[Dataset records]:
---

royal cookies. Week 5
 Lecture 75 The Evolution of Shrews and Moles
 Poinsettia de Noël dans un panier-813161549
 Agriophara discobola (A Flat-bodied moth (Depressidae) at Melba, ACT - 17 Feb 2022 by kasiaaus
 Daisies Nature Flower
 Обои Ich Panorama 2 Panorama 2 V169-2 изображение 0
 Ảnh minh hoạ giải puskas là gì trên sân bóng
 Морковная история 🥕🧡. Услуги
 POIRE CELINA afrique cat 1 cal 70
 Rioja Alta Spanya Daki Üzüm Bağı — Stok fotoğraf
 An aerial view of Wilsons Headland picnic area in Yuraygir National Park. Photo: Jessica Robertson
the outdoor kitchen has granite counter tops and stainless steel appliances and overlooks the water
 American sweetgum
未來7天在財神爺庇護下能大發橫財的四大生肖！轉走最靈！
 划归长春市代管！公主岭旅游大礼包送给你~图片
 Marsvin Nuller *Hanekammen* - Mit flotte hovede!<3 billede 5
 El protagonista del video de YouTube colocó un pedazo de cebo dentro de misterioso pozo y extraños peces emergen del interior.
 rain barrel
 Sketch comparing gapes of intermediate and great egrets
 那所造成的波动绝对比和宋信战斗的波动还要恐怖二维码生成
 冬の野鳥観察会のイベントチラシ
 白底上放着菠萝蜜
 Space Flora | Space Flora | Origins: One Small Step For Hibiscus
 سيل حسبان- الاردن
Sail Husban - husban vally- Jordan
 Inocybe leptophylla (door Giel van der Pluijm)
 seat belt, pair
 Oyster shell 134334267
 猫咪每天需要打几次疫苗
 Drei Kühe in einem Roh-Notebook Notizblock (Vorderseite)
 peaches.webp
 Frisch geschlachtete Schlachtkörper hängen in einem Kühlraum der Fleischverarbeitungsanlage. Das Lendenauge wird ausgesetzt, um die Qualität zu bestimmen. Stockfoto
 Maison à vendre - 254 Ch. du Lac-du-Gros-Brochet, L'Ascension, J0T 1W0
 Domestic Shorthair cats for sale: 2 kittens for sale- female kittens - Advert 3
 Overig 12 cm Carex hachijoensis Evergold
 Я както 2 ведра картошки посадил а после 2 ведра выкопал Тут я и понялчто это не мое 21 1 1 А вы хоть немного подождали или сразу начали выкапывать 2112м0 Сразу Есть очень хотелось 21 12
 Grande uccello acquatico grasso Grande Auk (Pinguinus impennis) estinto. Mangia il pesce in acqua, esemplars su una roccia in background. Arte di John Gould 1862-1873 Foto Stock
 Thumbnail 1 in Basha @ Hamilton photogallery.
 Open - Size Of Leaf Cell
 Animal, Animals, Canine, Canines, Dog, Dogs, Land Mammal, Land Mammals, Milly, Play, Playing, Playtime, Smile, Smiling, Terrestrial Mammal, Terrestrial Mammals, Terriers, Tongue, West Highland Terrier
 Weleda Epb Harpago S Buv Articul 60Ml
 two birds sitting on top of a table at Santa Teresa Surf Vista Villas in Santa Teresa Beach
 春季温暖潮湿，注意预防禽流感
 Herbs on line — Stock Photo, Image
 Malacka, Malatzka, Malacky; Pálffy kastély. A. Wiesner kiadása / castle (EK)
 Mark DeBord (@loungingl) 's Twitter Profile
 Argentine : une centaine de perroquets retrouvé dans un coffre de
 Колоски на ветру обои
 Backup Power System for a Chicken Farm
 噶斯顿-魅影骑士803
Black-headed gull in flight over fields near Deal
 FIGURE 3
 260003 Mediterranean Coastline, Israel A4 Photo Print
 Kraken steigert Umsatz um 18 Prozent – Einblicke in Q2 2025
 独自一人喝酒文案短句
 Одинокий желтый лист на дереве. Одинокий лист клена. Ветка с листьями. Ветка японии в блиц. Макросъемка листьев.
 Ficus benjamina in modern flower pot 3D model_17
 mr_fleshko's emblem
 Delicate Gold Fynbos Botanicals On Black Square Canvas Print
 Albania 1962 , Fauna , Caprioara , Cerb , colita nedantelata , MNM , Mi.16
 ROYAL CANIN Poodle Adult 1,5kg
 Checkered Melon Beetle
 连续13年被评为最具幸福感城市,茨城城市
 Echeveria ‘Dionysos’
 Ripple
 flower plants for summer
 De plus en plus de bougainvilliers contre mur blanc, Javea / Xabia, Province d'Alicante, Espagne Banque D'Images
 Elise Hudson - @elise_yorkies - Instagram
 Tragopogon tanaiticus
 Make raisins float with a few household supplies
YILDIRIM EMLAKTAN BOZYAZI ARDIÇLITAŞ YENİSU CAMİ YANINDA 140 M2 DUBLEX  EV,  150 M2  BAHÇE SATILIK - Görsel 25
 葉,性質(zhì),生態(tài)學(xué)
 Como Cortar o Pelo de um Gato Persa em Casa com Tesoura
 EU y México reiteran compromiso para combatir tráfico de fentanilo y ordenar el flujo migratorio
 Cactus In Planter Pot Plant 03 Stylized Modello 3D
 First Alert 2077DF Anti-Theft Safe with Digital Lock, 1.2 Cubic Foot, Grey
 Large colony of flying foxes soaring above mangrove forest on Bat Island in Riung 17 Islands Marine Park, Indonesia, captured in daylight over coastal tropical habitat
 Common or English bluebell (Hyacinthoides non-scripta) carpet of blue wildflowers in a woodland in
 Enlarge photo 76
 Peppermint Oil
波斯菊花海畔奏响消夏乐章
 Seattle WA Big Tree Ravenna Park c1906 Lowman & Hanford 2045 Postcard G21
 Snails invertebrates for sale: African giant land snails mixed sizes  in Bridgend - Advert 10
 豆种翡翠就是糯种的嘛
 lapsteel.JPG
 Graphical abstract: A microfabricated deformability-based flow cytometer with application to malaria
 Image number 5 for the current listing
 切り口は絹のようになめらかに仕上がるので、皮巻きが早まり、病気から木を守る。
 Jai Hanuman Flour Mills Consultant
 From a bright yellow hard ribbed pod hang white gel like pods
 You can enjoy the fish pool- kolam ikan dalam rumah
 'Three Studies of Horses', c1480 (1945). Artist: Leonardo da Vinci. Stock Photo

---

[Task description]:
The lines above that include "Park" should each be listed.

[Result below]:
 An aerial view of Wilsons Headland picnic area in Yuraygir National Park. Photo: Jessica Robertson
 Large colony of flying foxes soaring above mangrove forest on Bat Island in Riung 17 Islands Marine Park, Indonesia, captured in daylight over coastal tropical habitat
 Seattle WA Big Tree Ravenna Park c1906 Lowman & Hanford 2045 Postcard G21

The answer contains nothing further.